NYTimes | In his journals, Jack Kerouac recalled riding on a bus through North Dakota in 1949, when snow and ice brought the highway to a halt. From a nearby town came “crews of eager young men” who “pitched in” through the “attritive, swirling, arctic-like night.” Kerouac was struck by their selflessness, their willingness to help strangers of whom they had “no need.” “Where in the effete-thinking East,” he wrote, “would men work for others, for nothing, at midnight in howling freezing gales?” He concluded with a koan of sorts. “Men work against each other only when it is safe to abandon men — only when and where.”
Kerouac was, in essence, asking a favorite question of social psychologists: Under what conditions are people willing to help others? Urbanites, or the social dynamics of urbanism, have been particularly implicated in these inquiries, whether by “diffusion of responsibility” — the more people who are around, the less any one person feels compelled to act — or “information overload,” the idea that city people must filter and limit what they take in, including appeals for help.
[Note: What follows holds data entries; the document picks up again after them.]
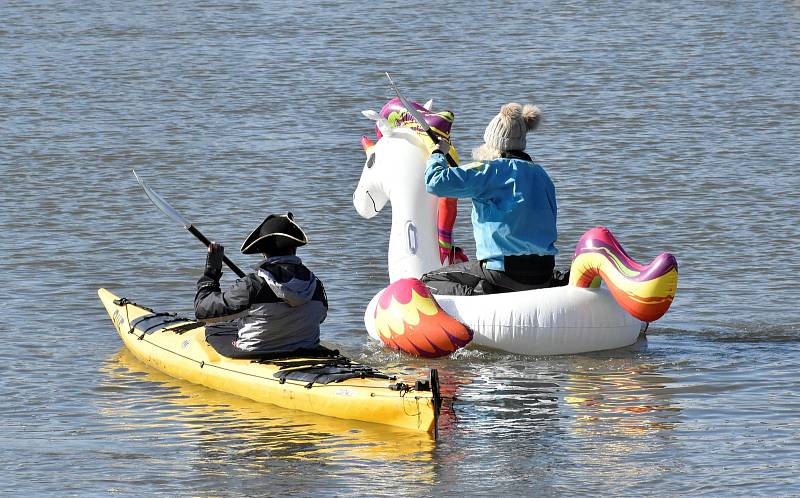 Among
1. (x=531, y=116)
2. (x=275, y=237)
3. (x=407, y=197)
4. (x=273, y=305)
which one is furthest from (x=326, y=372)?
(x=531, y=116)

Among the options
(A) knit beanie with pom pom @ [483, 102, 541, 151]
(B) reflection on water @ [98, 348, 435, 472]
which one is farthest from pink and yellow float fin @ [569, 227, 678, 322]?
(B) reflection on water @ [98, 348, 435, 472]

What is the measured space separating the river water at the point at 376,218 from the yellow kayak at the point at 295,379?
113 millimetres

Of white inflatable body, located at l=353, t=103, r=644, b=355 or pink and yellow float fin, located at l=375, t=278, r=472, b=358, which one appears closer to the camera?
pink and yellow float fin, located at l=375, t=278, r=472, b=358

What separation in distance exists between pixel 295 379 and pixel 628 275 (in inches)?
94.1

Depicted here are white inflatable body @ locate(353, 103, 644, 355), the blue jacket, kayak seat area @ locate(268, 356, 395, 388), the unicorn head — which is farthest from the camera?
the unicorn head

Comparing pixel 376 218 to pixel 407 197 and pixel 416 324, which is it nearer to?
pixel 407 197

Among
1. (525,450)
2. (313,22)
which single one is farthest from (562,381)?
(313,22)

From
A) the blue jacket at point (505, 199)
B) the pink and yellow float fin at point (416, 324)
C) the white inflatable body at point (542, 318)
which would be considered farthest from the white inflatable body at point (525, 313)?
the blue jacket at point (505, 199)

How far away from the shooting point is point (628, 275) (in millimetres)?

But every so often comes a moment when the normal rules of life are suspended, when some kind of force brings suffering, deprivation or, at the very least, extreme inconvenience. Given the normal travails of city life, one might reasonably expect the social fabric to rend. But ask any New Yorker about, say, the blackout of 2003, and you’re likely to get not a shudder of horror but wistful reminiscences about people spontaneously directing traffic when the signals went dark.
As Rebecca Solnit documents in “A Paradise Built in Hell,” a landmark work that gives an impassioned challenge to the social meaning of disasters, this same sort of positive feeling has emerged in far more precarious circumstances, from the San Francisco earthquake of 1906 to Hurricane Katrina. Disasters, for Solnit, do not merely put us in view of apocalypse, but provide glimpses of utopia. They do not merely destroy, but create. “Disasters are extraordinarily generative,” she writes. As the prevailing order — which she elliptically characterizes as advanced global capitalism, full of anomie and isolation — collapses, another order takes shape: “In its place appears a reversion to improvised, collaborative, cooperative and local society.” These “disaster communities” represent something akin to the role William James claimed for “the utopian dreams” of social justice: “They help to break the general reign of hardness, and are slow leavens of a better order.”